= Billy McGinty (cowboy) =

Oklahoman cowboy and Bufflo Bill Rough Rider (1871–1961)

William M. McGinty (January 1, 1871 - May 21, 1961) was an Oklahoman cowboy.

As a cowboy in Kansas and the Indian Territory, he became acquainted with fellow cowboy Bill Doolin and others who would later turn outlaw.

A Rough Rider with Theodore Roosevelt and hero at San Juan Hill, he also toured with Buffalo Bill's Congress of Rough Riders. He was the first bronc buster in a movie, filmed during an act for the 1889 Paris World's Fair.

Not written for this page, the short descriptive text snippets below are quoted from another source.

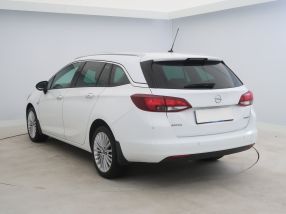 Opel Astra - 2016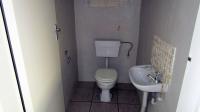 Guest Toilet - 3 square meters of property in Uvongo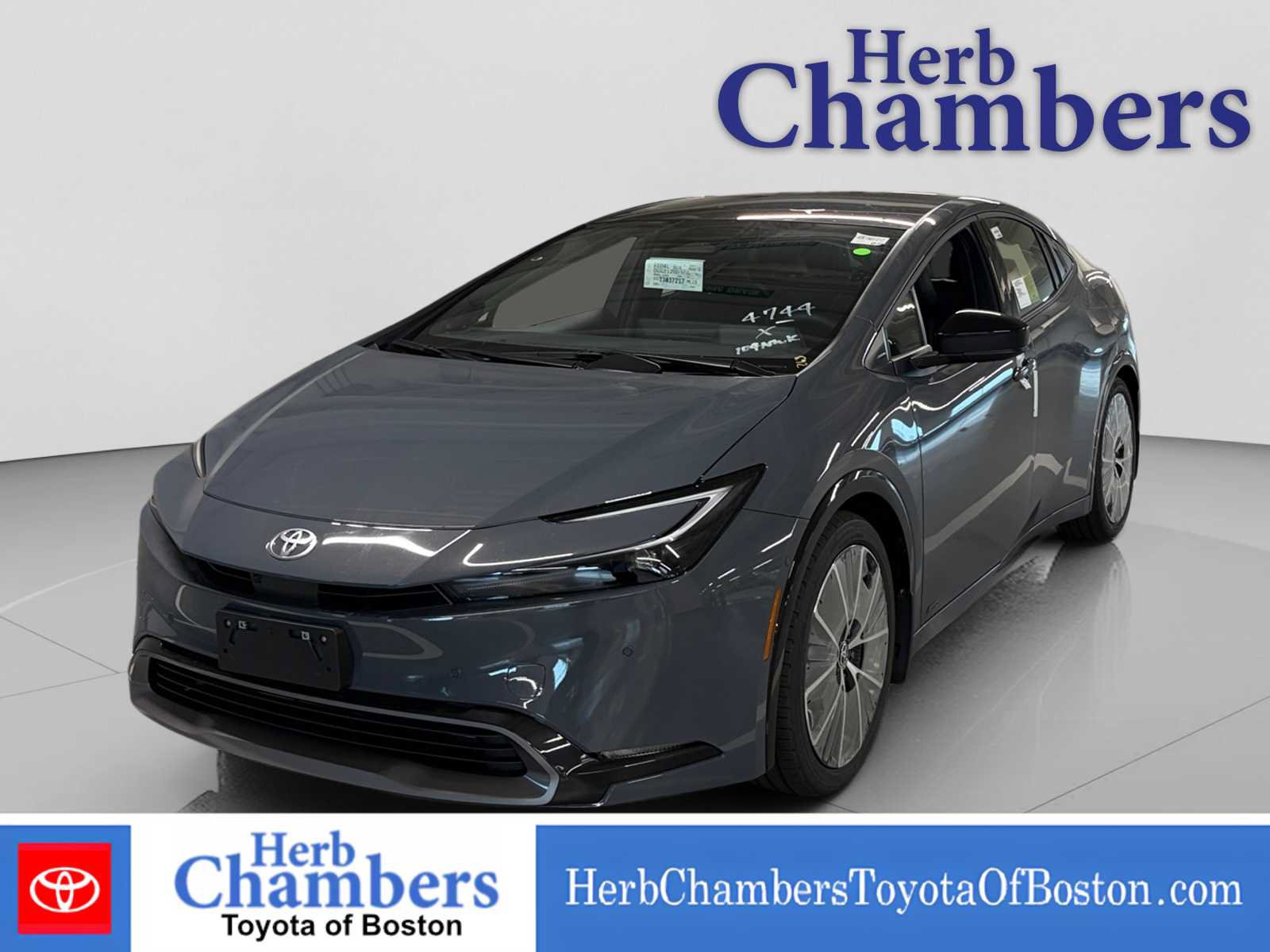 New 2026 Toyota Prius Limited AWD/4WD image 8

In the 1920s, he became the leader of the McGinty's Oklahoma Cowboy Band, which later became Otto Gray and his Oklahoma Cowboys, the first nationally famous cowboy band.

He served terms as president of the Cherokee Strip Cowpunchers Association and in 1954 he was elected life-time president of the Rough Riders Association.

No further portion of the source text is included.